§ **TASK STATEMENT**: From the entries below, write out exactly the lines between the line holding "HC Pete Carroll, Las" and the line holding "Robes de soirée", inclusive, excluding any pictures.

§ **SOURCE MATERIAL**:
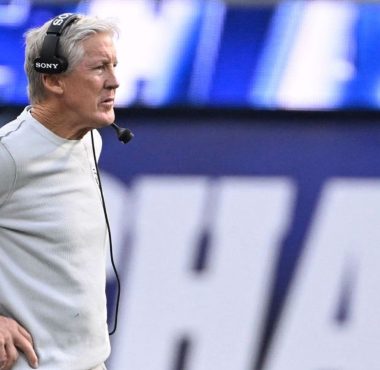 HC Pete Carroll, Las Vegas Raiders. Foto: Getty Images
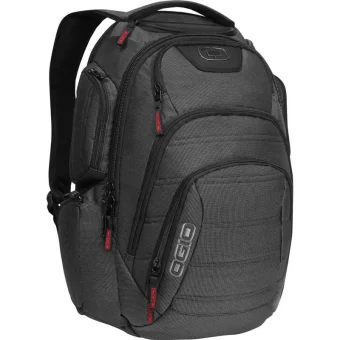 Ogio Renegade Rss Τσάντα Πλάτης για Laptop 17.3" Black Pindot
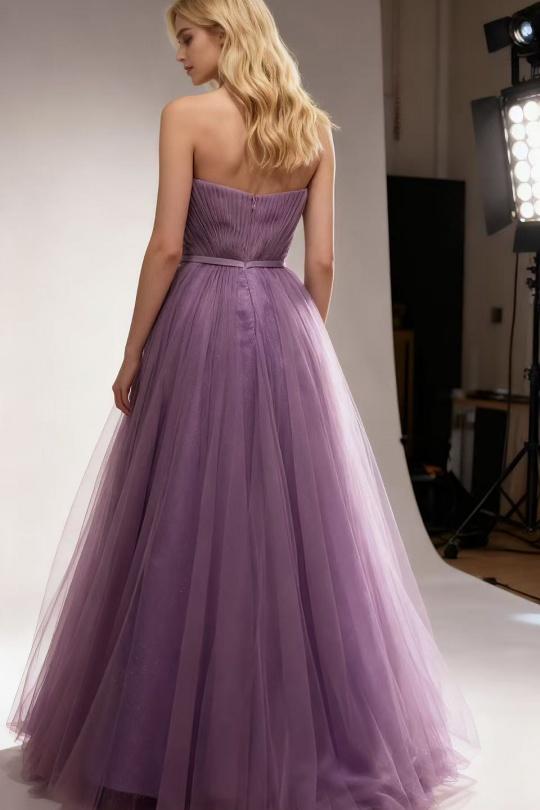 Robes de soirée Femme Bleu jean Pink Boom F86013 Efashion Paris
==
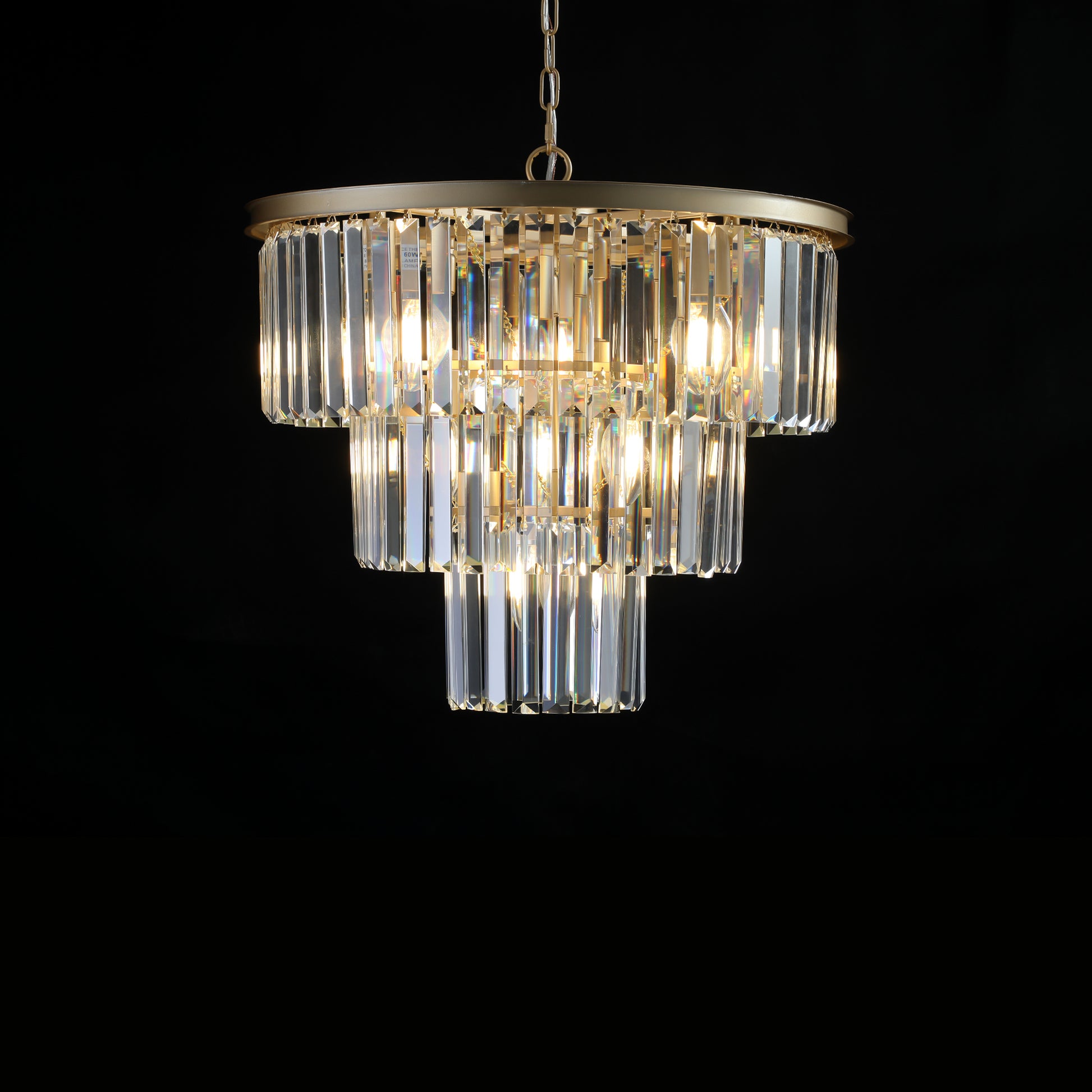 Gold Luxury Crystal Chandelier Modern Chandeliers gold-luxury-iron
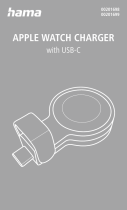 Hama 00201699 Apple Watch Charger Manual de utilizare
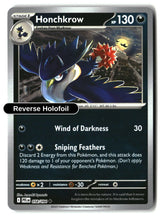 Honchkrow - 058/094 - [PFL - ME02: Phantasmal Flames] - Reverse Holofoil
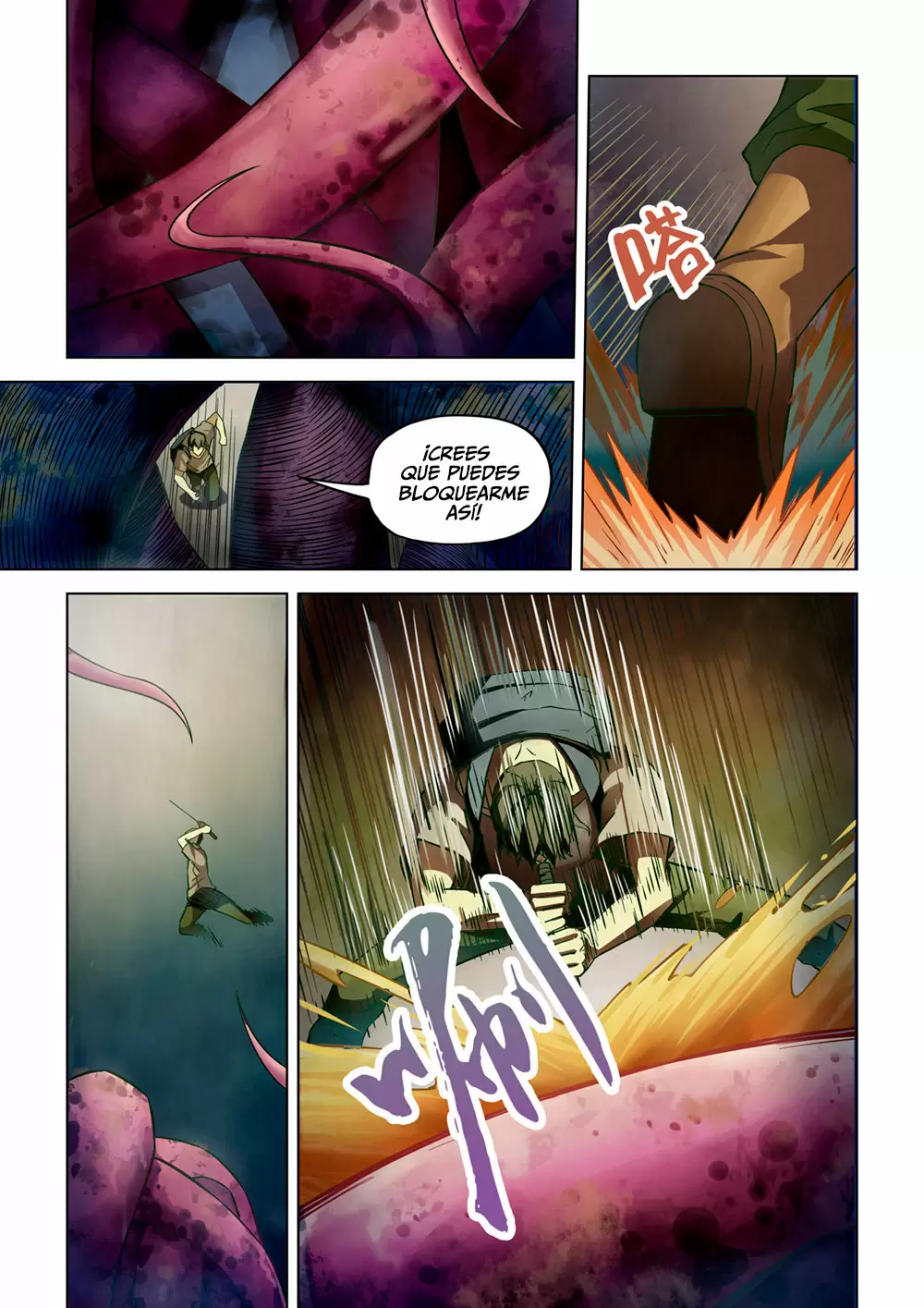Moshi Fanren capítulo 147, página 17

§ **ANSWER TO THIS TASK**:
 HC Pete Carroll, Las Vegas Raiders. Foto: Getty Images
 Ogio Renegade Rss Τσάντα Πλάτης για Laptop 17.3" Black Pindot
 Robes de soirée Femme Bleu jean Pink Boom F86013 Efashion Paris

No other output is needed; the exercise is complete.